Sunday, December 09, 2007

Musical Mountains

Last night I played a performace of the entire Handel Messiah in the German re-orchestration by Mozart. Most violists would agree with me that the original orchestration is not much fun for our section. Handel (or maybe one of his copyists, who knows?) gave the violists little to do on many of the solo numbers, and the parts we do play are filled with awkward passages and annoying string crossings.

Mozart not only gave us a viola part (and a challenging one at that), he even gave us divisi parts once in a while. We get to accompany the duet "O Tod, wo ist dein Pfeil" ("O death, where is thy sting?") in the third part of the work by ourselves--the violins get the number off. Clearly Mozart was thinking and acting with the mind and heart of a violist.
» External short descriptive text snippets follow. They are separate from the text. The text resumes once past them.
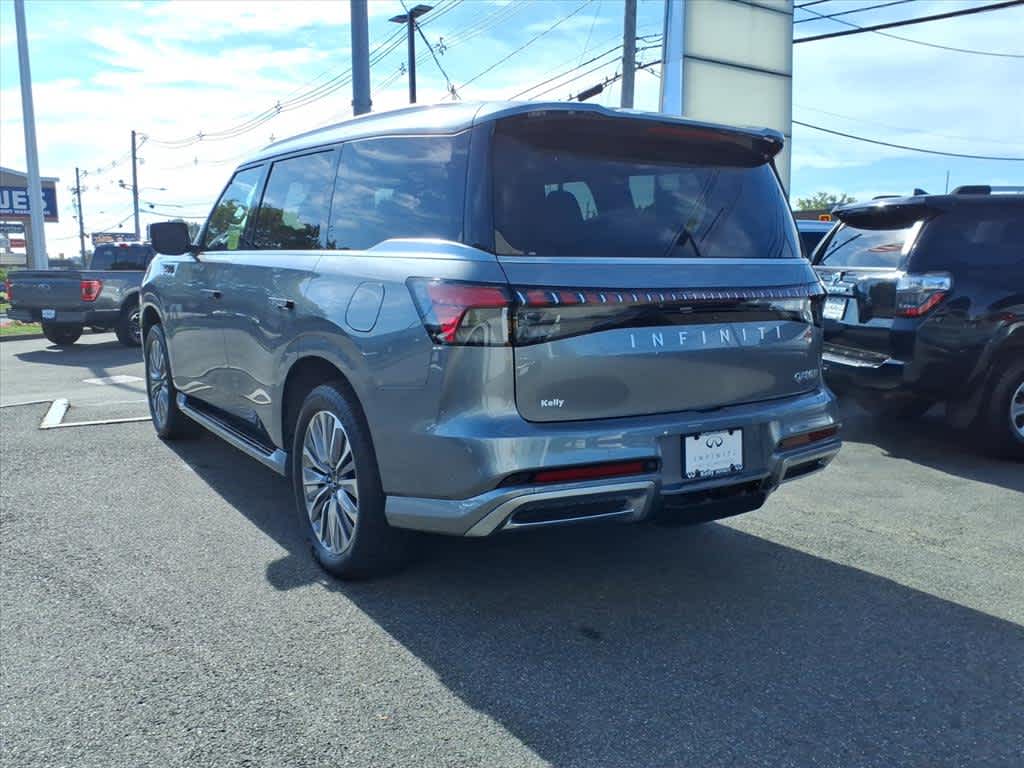 2025 Infiniti QX80 Sensory photo 6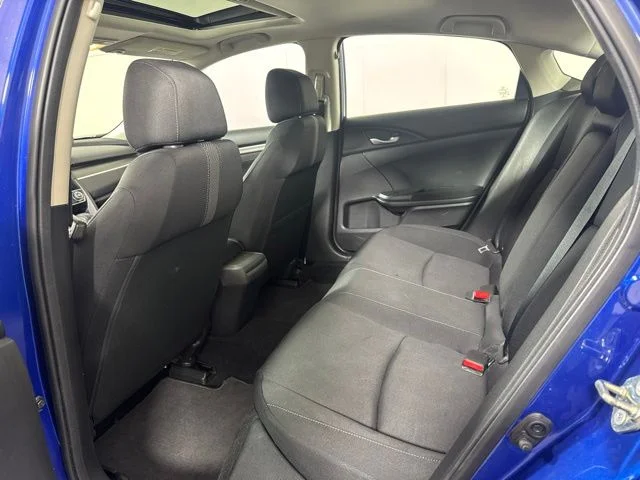 Used 2016 Blue Honda EX image 12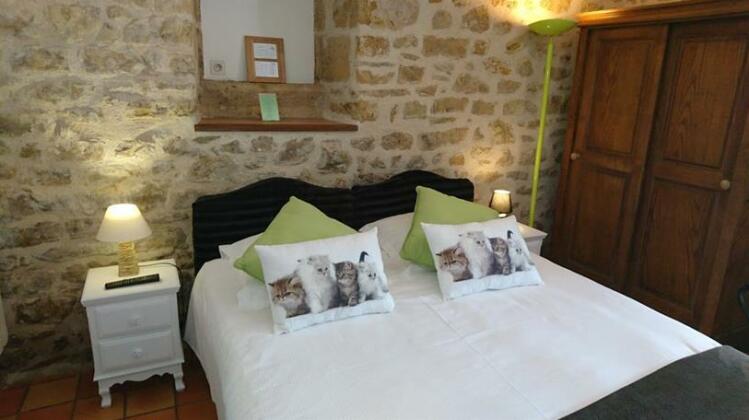 Hotel La Bastie d'Urfe - Photo4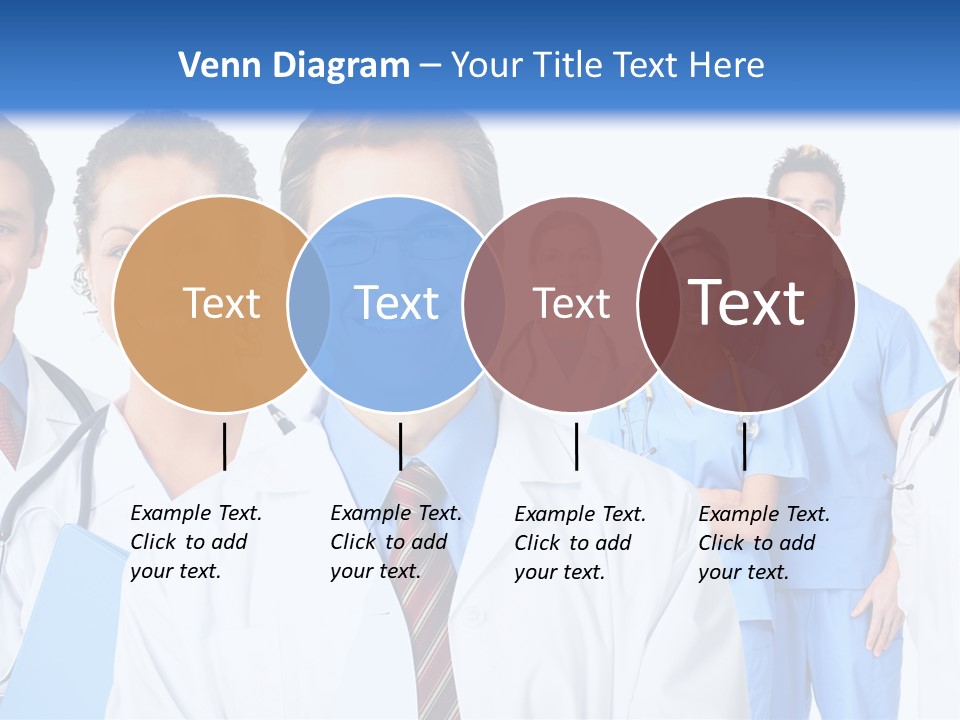 Medical Working Pharmaceutical PowerPoint Template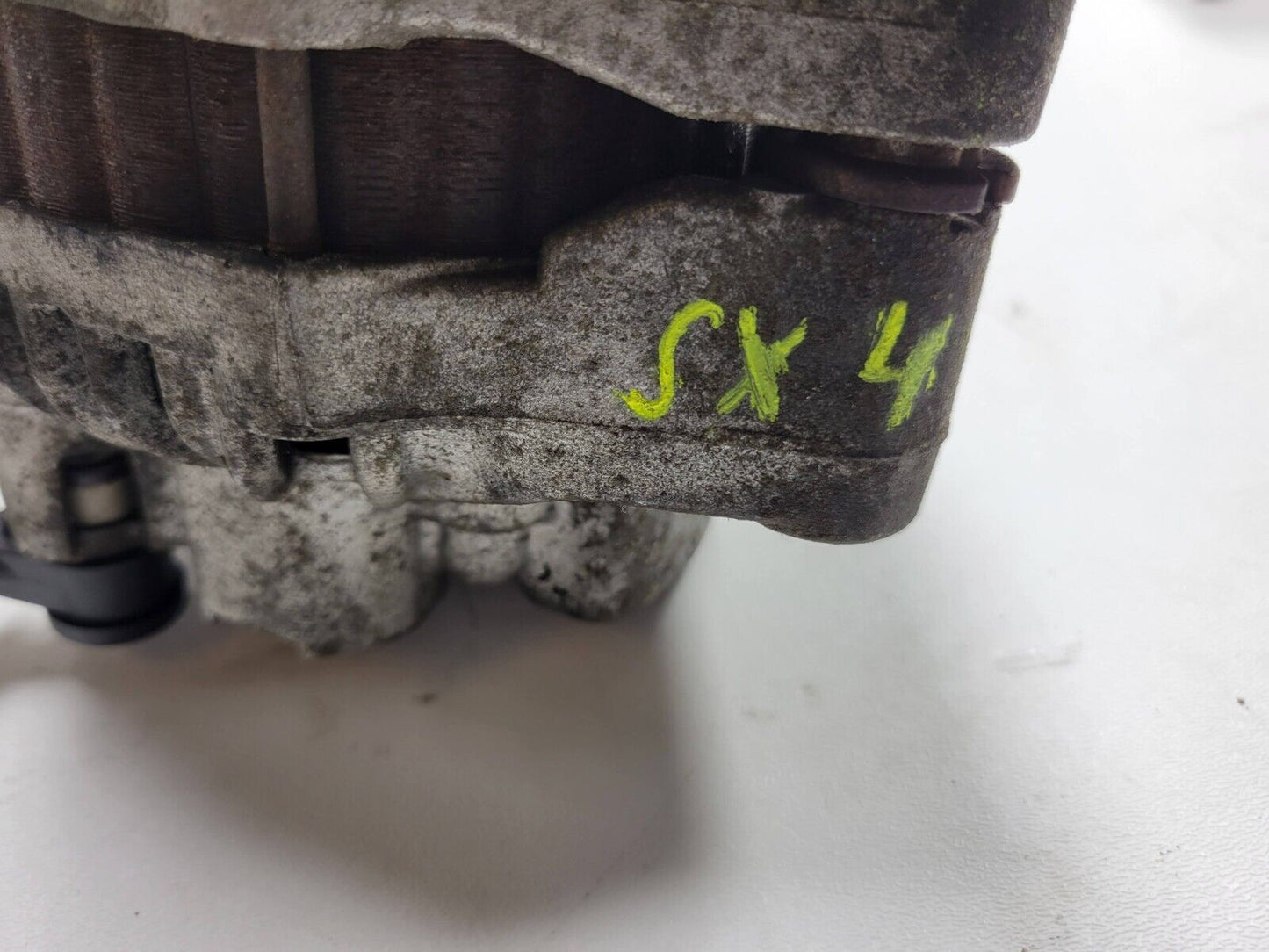 2007 - 2009 Suzuki Sx4 Alternator 31400-80j10 OEM 83k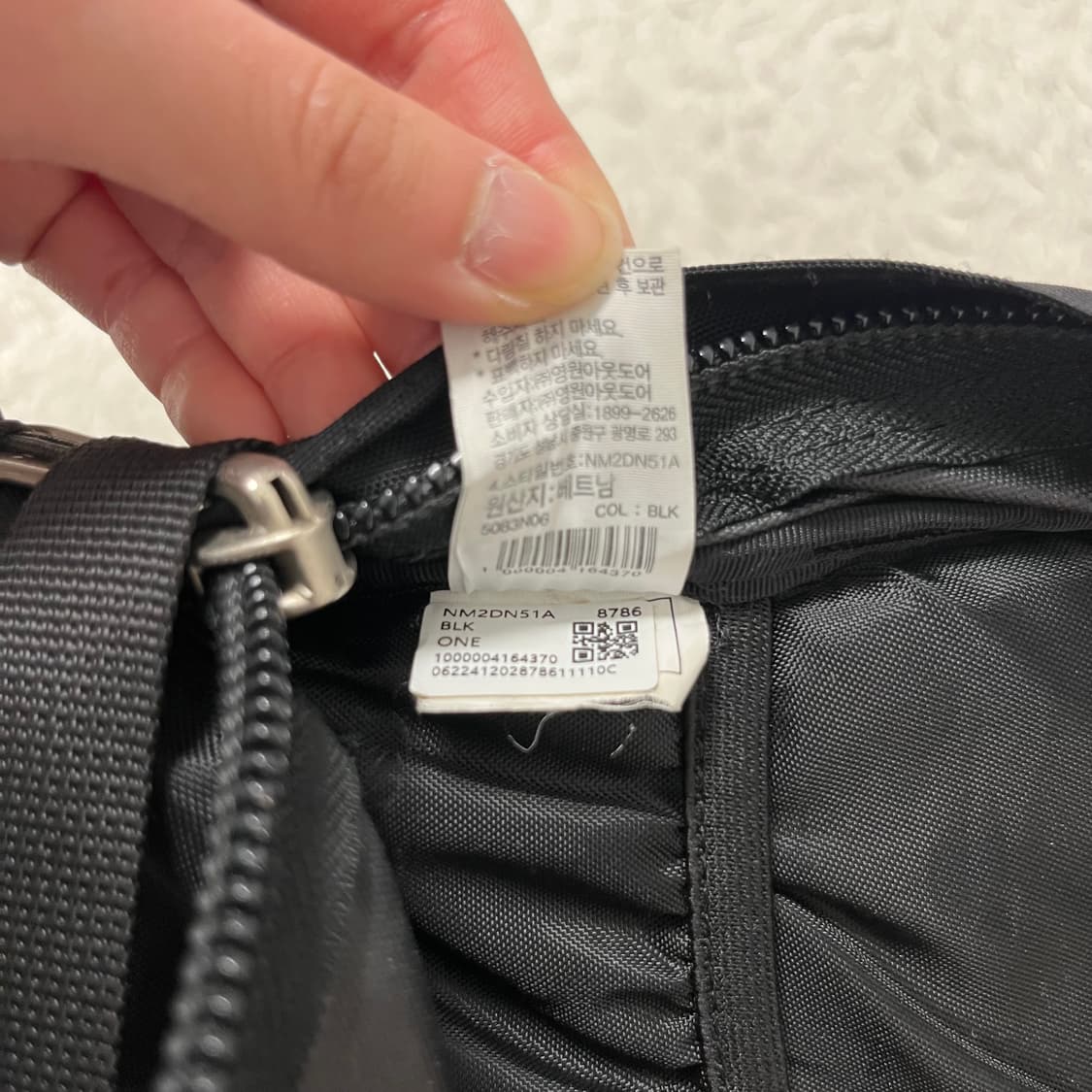 The North Face big shot backpack 상품이미지9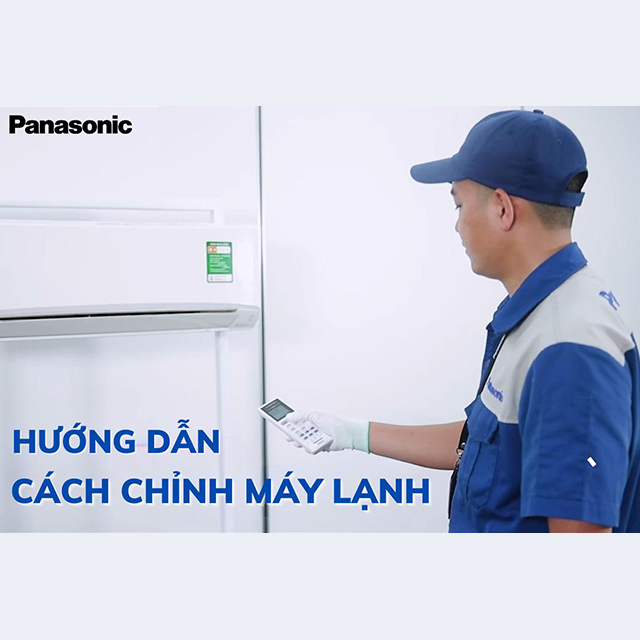 Hướng dẫn cách chỉnh máy lạnh đơn giản, chi tiết nhất See more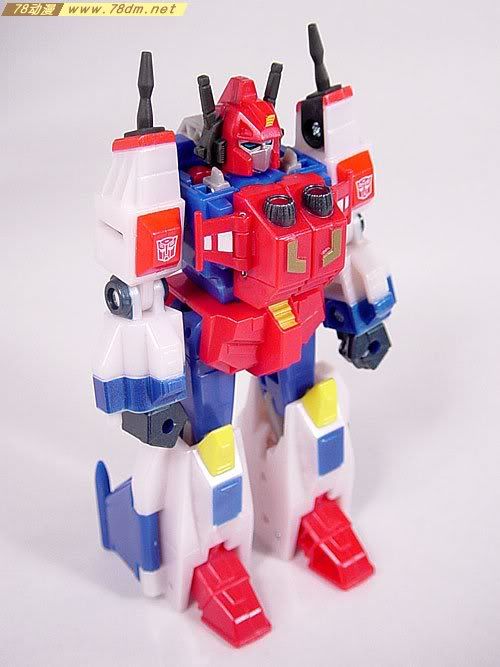 变形金刚RM系列玩具 RM15 Star Saber 史达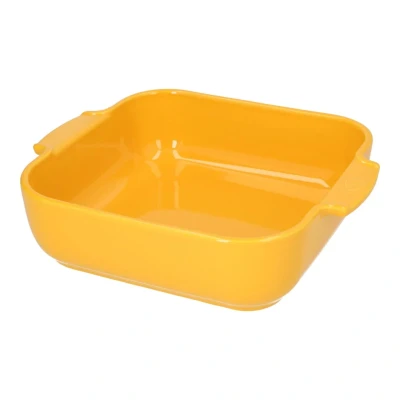 Afbeelding van Peugeot Ovenschaal Appolia 23 cm Geel
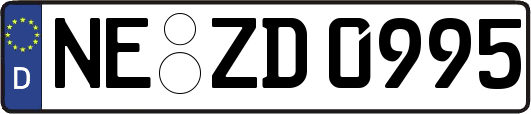 NE-ZD0995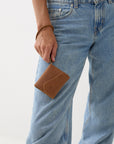 [PRE-ORDER] Noa Wallet - Saddle (Light)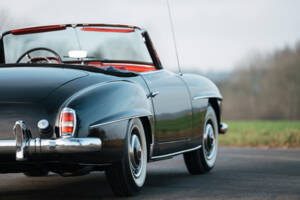 Imagen 17/23 de Mercedes-Benz 190 SL (1963)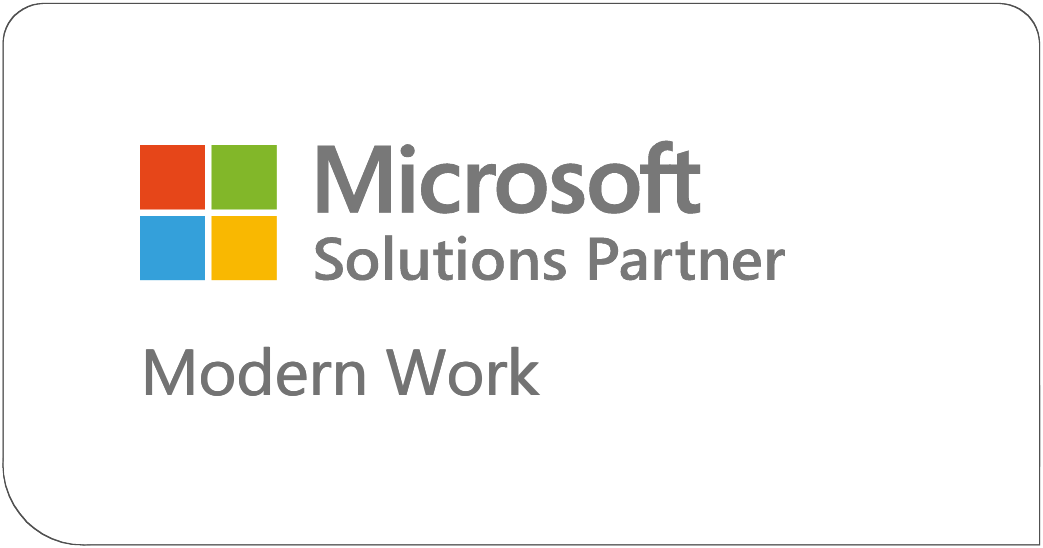 Solution Partner - Modern Work - Fraidei
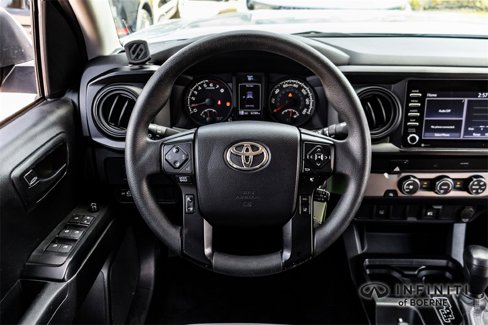 Used 2021 Toyota Tacoma SR image 24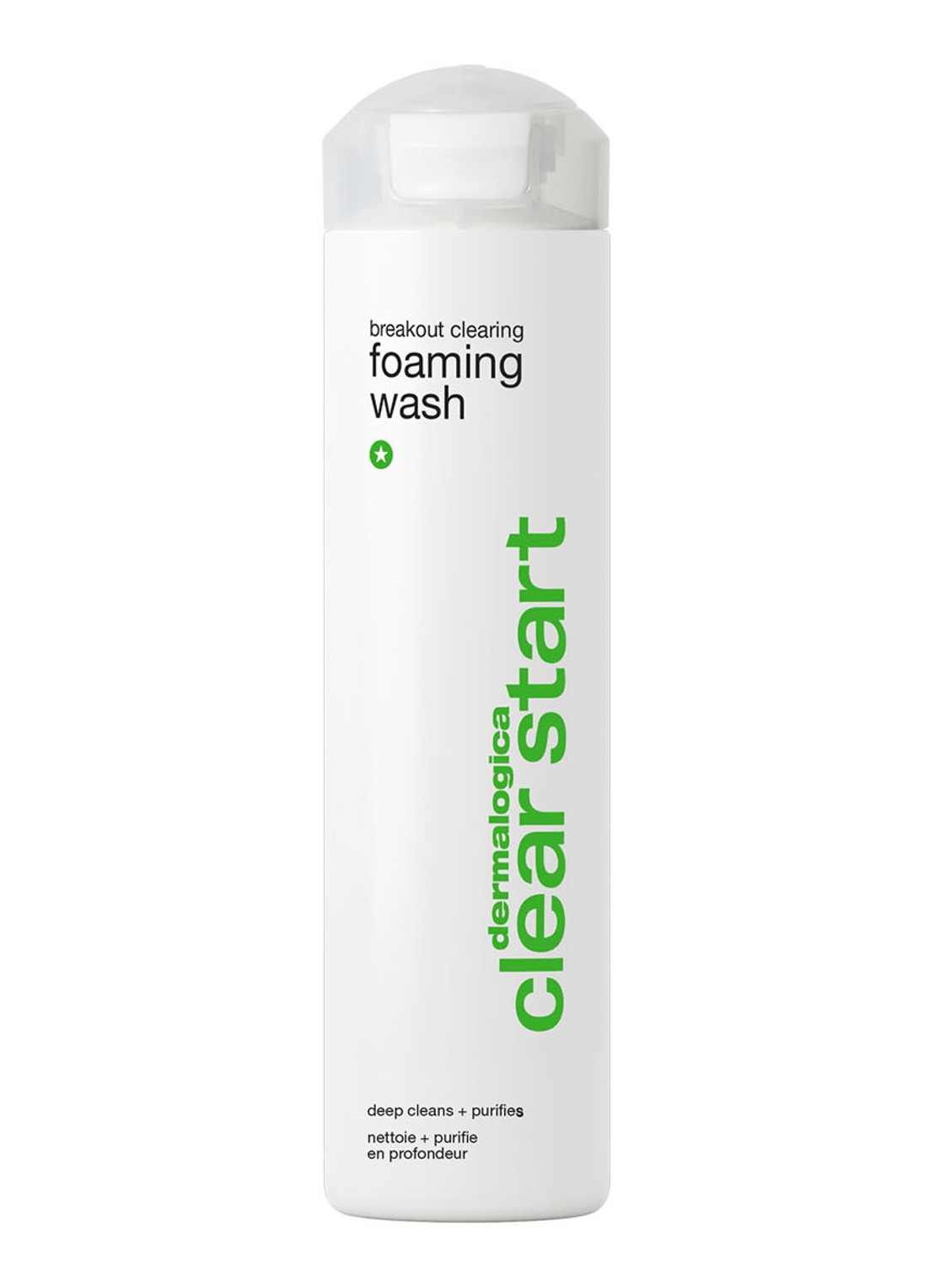 Dermalogica Breakout Clearing Foaming Wash - gezichtsreiniger - voorkant undefined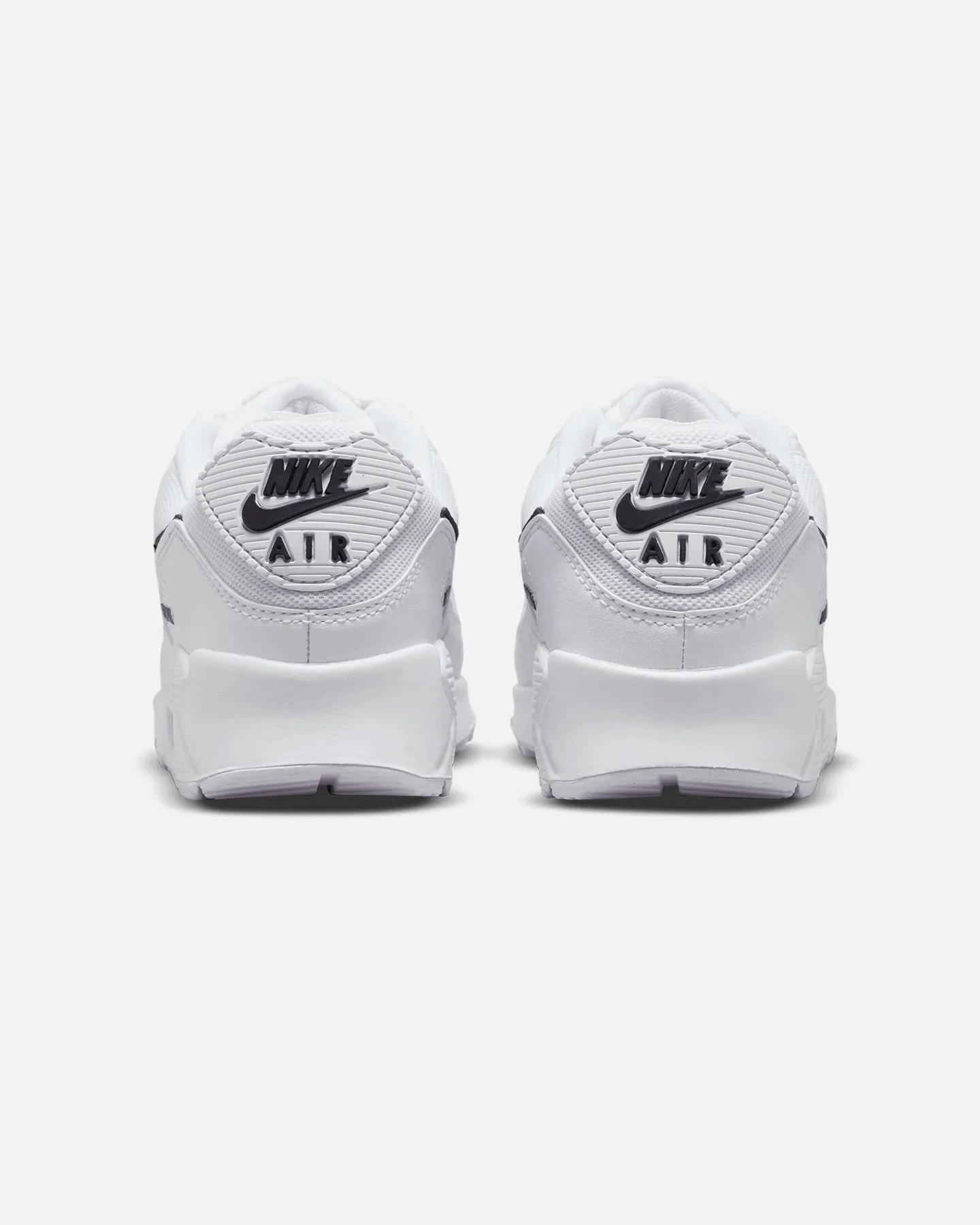 Nike Women's Air Max 90 Next Nature White/Black Nike Air Max Fusion Shoes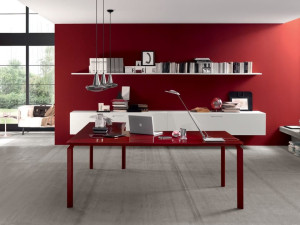 Угловой стол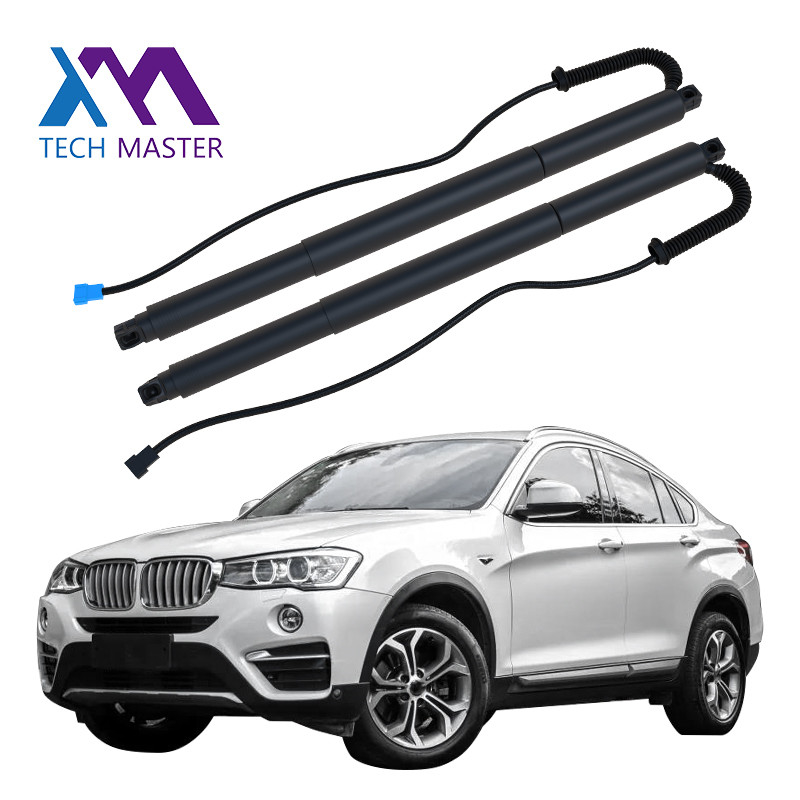 BMW X4 F26 2015-2017 LH RH পাওয়ার লিফটগেটের জন্য অটো পাওয়ার রিয়ার লিফটগেট 51247339431 51247339432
Mozart also added parts for winds and brass, simplified some of the alternating tutti and concertino exchanges, and updated the voice-leading. The result is kind of like the way someone would modernize an old house by putting in indoor plumbing and electricity: making it easy to live in, and making it easier to appreciate the brilliance of the work.

It is like two having two musical mountains rolled into one.

After my Haydn Seasons experience of last weekend, I feel as if I have been creeping around at the feet of giants, and because I have been able to play the viola parts, I have been able to look at the inner workings of their musical minds.

And now I am in the process of writing program notes for Verdi's Otello, a mountain that is just as high, and kind of similar to the Mozart Messiah since it is a translation and an operatic re-thinking of a play by Shakespeare.

Needless to say, I might not be posting for a while.